# TASK TO COMPLETE:
Every record must appear in your copy exactly as written, with no pictures.

# RAW DATA:
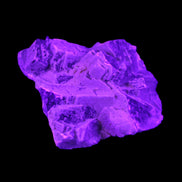 Clear Fluorite cubic cluster 62*60*28mm 104g in UV light - Rocks and Things Store
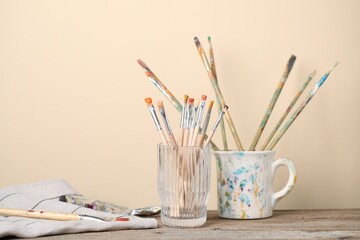 Brush with color paints on wooden table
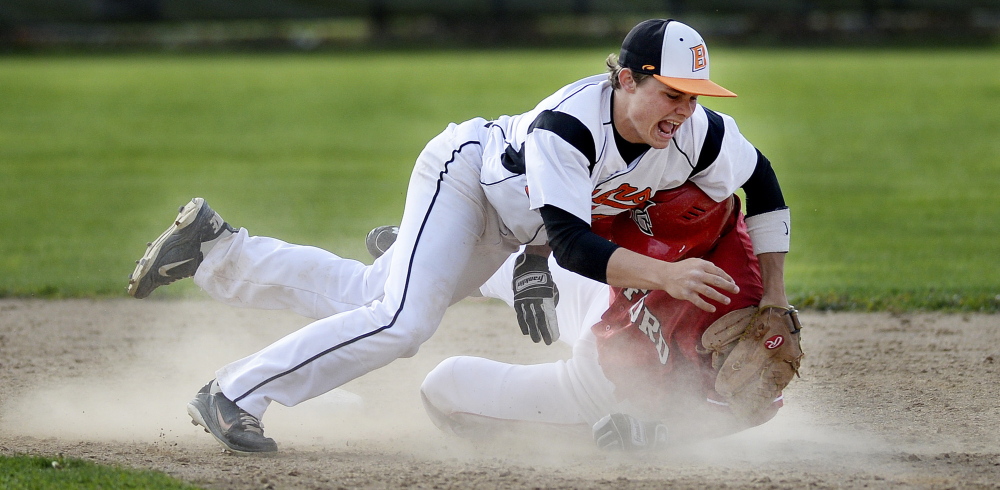 Biddeford’s Corey Creeger collides with Sanford’s Eddie Michetti during a play at second base Tuesday. Michetti was tagged out on the play.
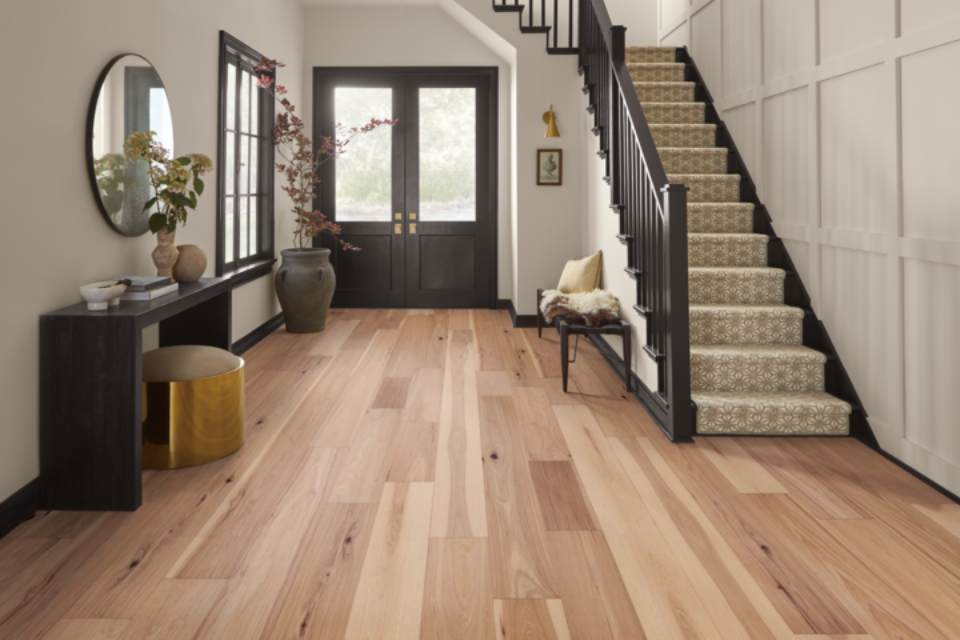 light hardwood flooring in entryway with brown accent furniture and stairs.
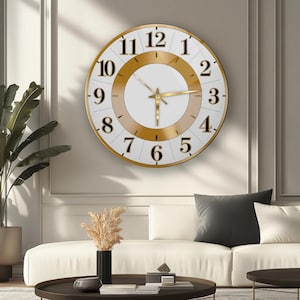 May include: A large, round wall clock with a white face, gold-colored hands, and black numerals. The clock has a gold-colored frame and a decorative gold-colored inner ring. The clock is mounted on a light-colored wall.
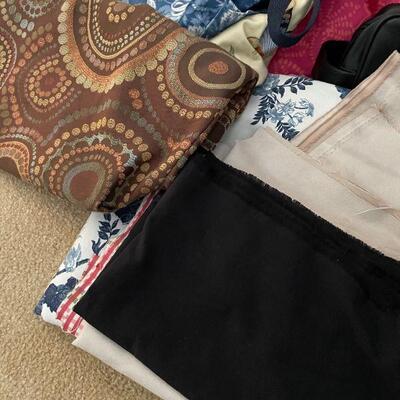 Lot 41 - Misc. bags, lots of fabrics, laundry basket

# RESULT:
 Clear Fluorite cubic cluster 62*60*28mm 104g in UV light - Rocks and Things Store
 Brush with color paints on wooden table
 Biddeford’s Corey Creeger collides with Sanford’s Eddie Michetti during a play at second base Tuesday. Michetti was tagged out on the play.
 light hardwood flooring in entryway with brown accent furniture and stairs.
 May include: A large, round wall clock with a white face, gold-colored hands, and black numerals. The clock has a gold-colored frame and a decorative gold-colored inner ring. The clock is mounted on a light-colored wall.
 Lot 41 - Misc. bags, lots of fabrics, laundry basket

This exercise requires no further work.